ABOUT THIS EXERCISE – An exact repetition of the data is required; no picture should appear in it.

Start of INPUT DATA

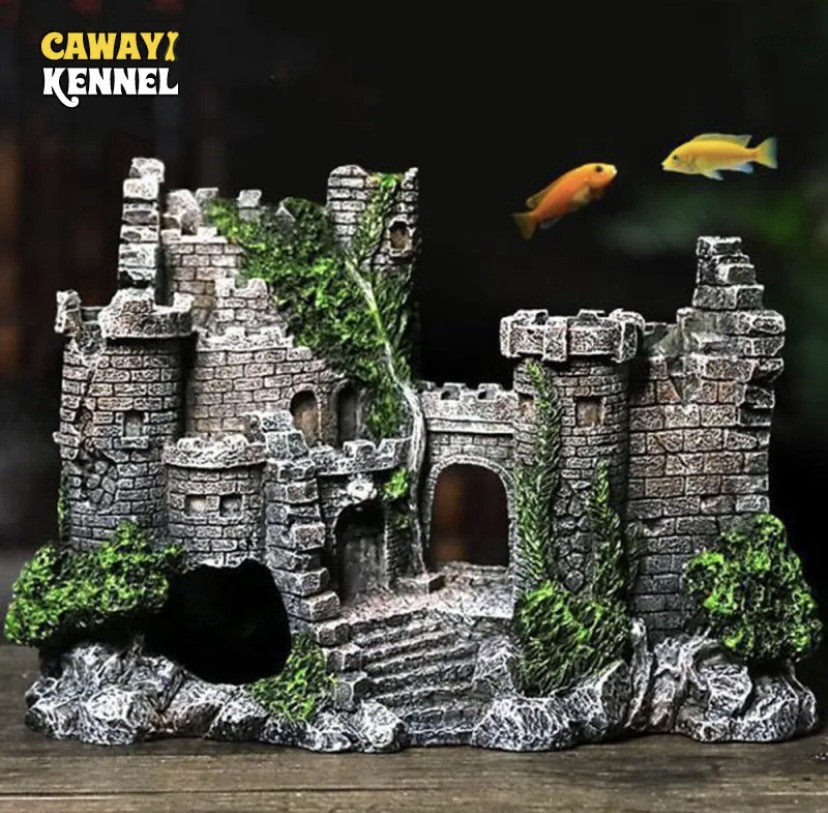 Декор для акваріума "Середньовічний замок" акваріумний пейзаж розмір 17 на 13 на 7 см смола акваріумний декор Київ - фото 1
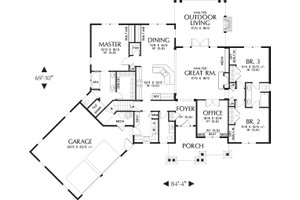 Main level Floor plan - 2200 square foot Craftsman home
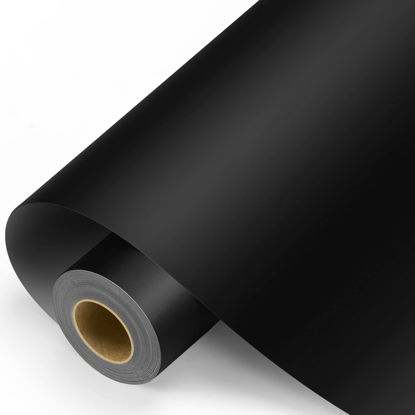 Picture of Matte Black Permanent Vinyl - 12" x11FT Black Adhesive Vinyl Roll for All Cutting Machine, Permanent Outdoor Vinyl for Decor Sticker, Car Decal, Scrapbooking, Signs, Waterproof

End of INPUT DATA

RESPONSE AREA –
 Декор для акваріума "Середньовічний замок" акваріумний пейзаж розмір 17 на 13 на 7 см смола акваріумний декор Київ - фото 1
 Main level Floor plan - 2200 square foot Craftsman home
 Picture of Matte Black Permanent Vinyl - 12" x11FT Black Adhesive Vinyl Roll for All Cutting Machine, Permanent Outdoor Vinyl for Decor Sticker, Car Decal, Scrapbooking, Signs, Waterproof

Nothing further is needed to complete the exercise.